==== Entries supplied ====

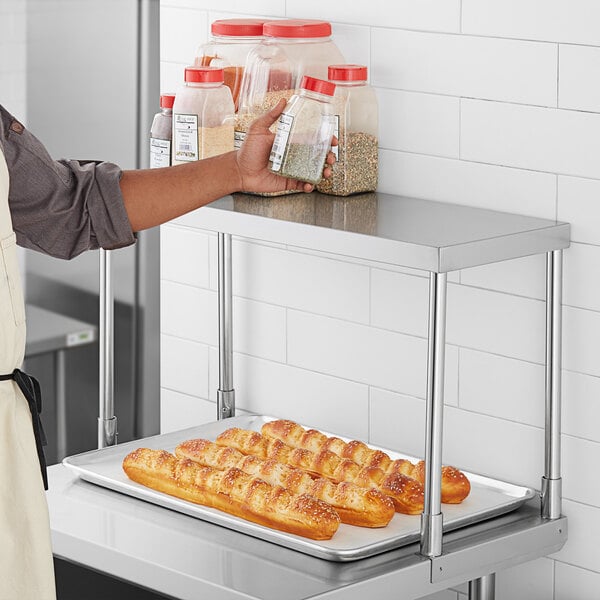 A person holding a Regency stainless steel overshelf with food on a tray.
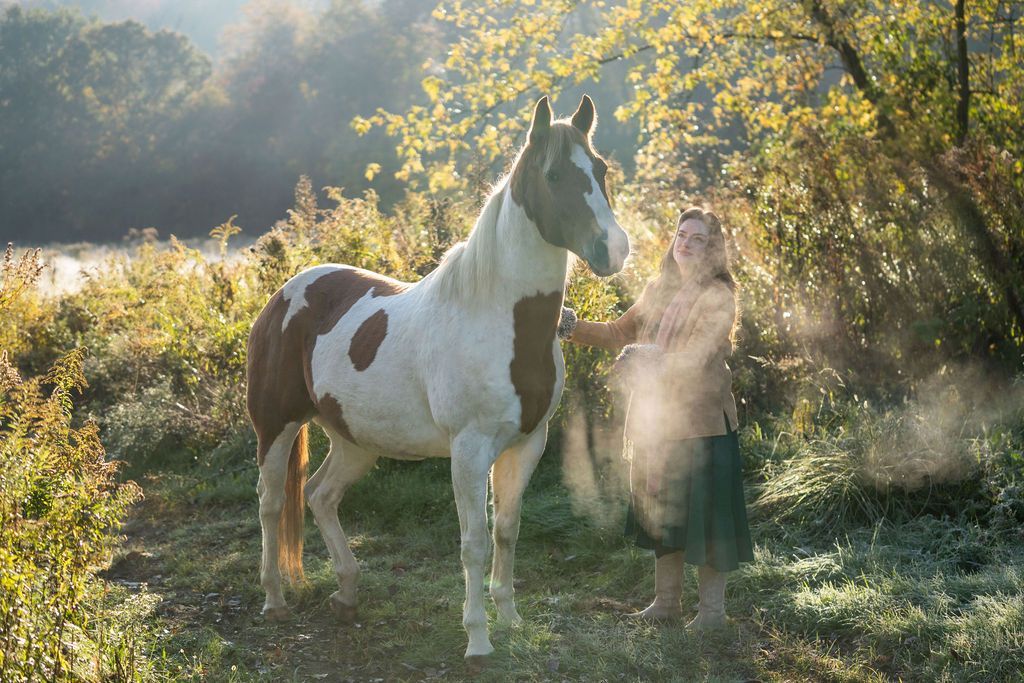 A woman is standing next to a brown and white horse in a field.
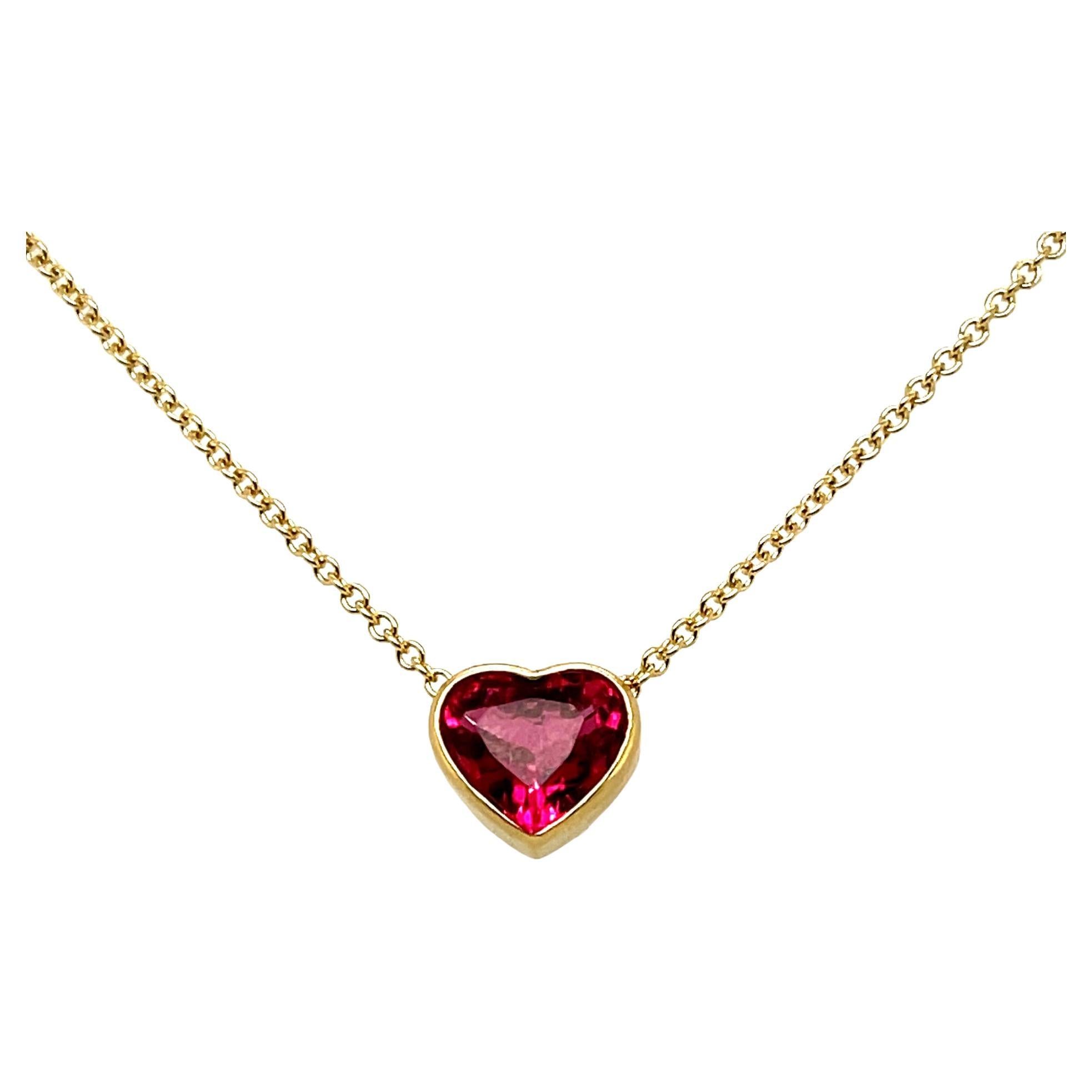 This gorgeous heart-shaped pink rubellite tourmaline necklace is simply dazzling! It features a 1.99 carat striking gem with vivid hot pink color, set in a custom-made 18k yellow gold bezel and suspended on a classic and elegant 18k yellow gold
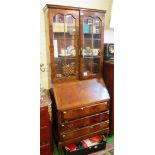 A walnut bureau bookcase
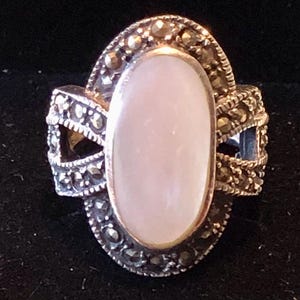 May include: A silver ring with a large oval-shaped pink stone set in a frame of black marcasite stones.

====

(Instructions for the task) Within the entries above, the lines from the one containing "A woman is standing" through the one containing "This gorgeous heart-shaped" are to be transcribed exactly, ends included, pictures excluded.

(Expected output)
 A woman is standing next to a brown and white horse in a field.
 This gorgeous heart-shaped pink rubellite tourmaline necklace is simply dazzling! It features a 1.99 carat striking gem with vivid hot pink color, set in a custom-made 18k yellow gold bezel and suspended on a classic and elegant 18k yellow gold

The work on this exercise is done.